I recently stumbled upon Justin Kan’s old post The First Time I Used Programming at Work.

The post reminded me of my time at Rangespan – where my colleague and friend, Charles Dupont, wrote an excellent article on why learning SQL is important for any business team.

The article describes how, through the use of data, a small team managed to automate 90% of repeatable tasks (obviously a huge time saver) and enabled individuals to delve deeper into the reasons why specific actions were successful or not.

Having taken the leap early on, any new hire was able to use data to learn and develop effectively – and that’s how I got started in Business Intelligence.1

This short blog post reflects on how Looker has changed the way we work at Yieldify by empowering employees with easily accessible data – here we go.

Business Intelligence or Intelligent Business?

Since being deployed, the Business Intelligence (BI) team hasn’t become a bottleneck for data – instead we’ve thrived as a sounding board for feedback from various teams, helping decipher what information is needed to drive growth.
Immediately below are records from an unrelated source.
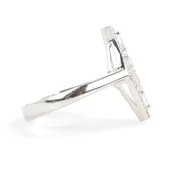 925 Ayar Gümüş Mekik Model Baget Taşlı Yüzük thumbnail 5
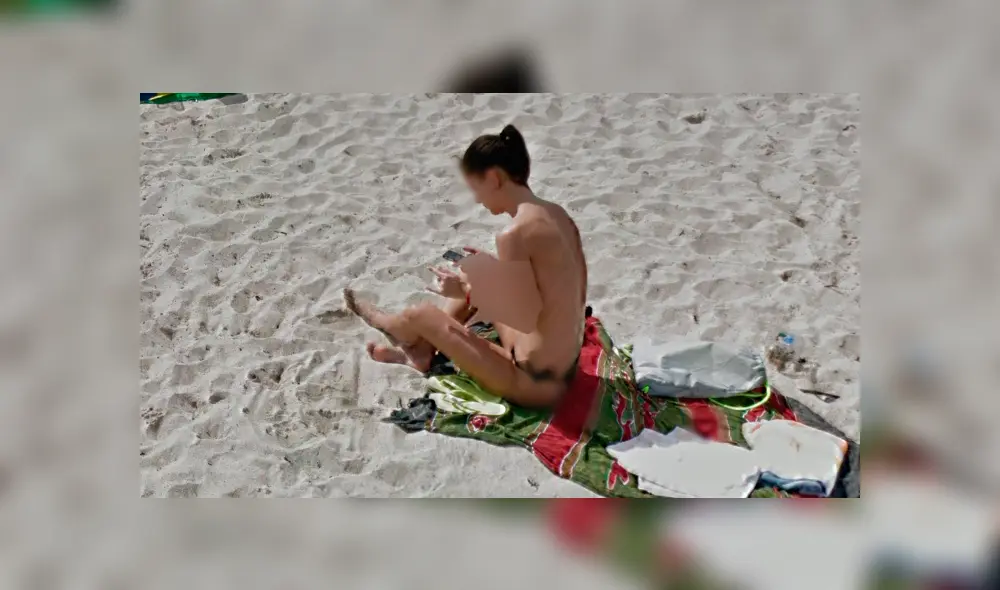 Google Maps: Usuarios sorprendidos por imagen sin censura de joven en topples [FOTOS]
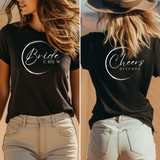 Bride Crew T-Shirt | Design Kreis | Für das Team der Braut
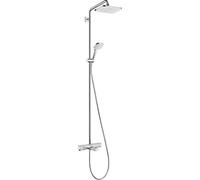 Hansgrohe Conjunto bañera/ducha Croma E Showerpipe 280 1jet con termostato y rociador lluvia cromo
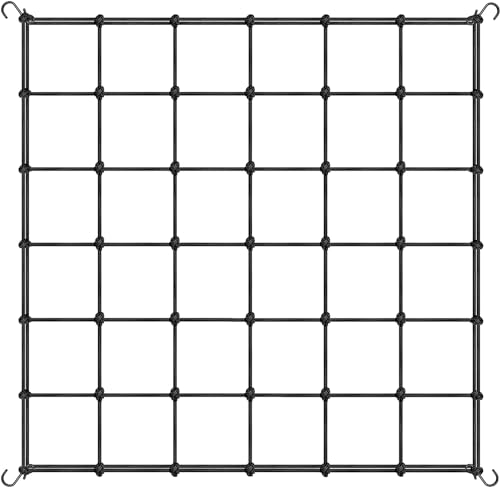 Simple Deluxe Elastic Trellis Netting for 4x4', Heavy Duty Elastic Plant with Hooks, Flexible Hydroponics Support for Grow Tent, Gardening, Climbing Plants, 1 Pack, Black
The most recent example of this is the integration of Hubspot with our systems to measure the impact of our Content Marketing on Inbound leads.

So, what else has Looker enabled our BI team to do?

  • Decisions are all backed by data – every request can now be answered in seconds, the simple interface allows anyone to easily run a report to test their assumptions. This has made all our teams smarter in how we do business. Making decisions that actually impact clients and their campaigns – understanding success to make everyone successful.
  • Automate everything that is repeatable – once we know what we need, automate the report to ensure that you can work on the highest value action. The BI team is pushing more notification reports to be built in Looker to ensure we can see the root cause there and then.
  • Challenging the current processes – we learn more from accurate and clean observations of our processes. Testing various legacy actions to see whether they apply: one of our Account Managers has even started creating an improved Client Report.
  • Even more data – empowering each team to be self-reliant means that they begin to ask more data – eg. running funnel analysis on marketing strategies or understanding what campaign attributes are seasonally affected. This helps BI and Data Engineering prioritise what matters.
  • Technical interest – with more interest in how everything works and what affects the outcome, we have had more interested team members wanting to learn SQL – a gateway to driving the business to have more technical knowledge.

Looking further

While working at Amazon, I saw that there was a steep learning curve for anyone not familiar with SQL (or programming) and realised how this can inhibit any team.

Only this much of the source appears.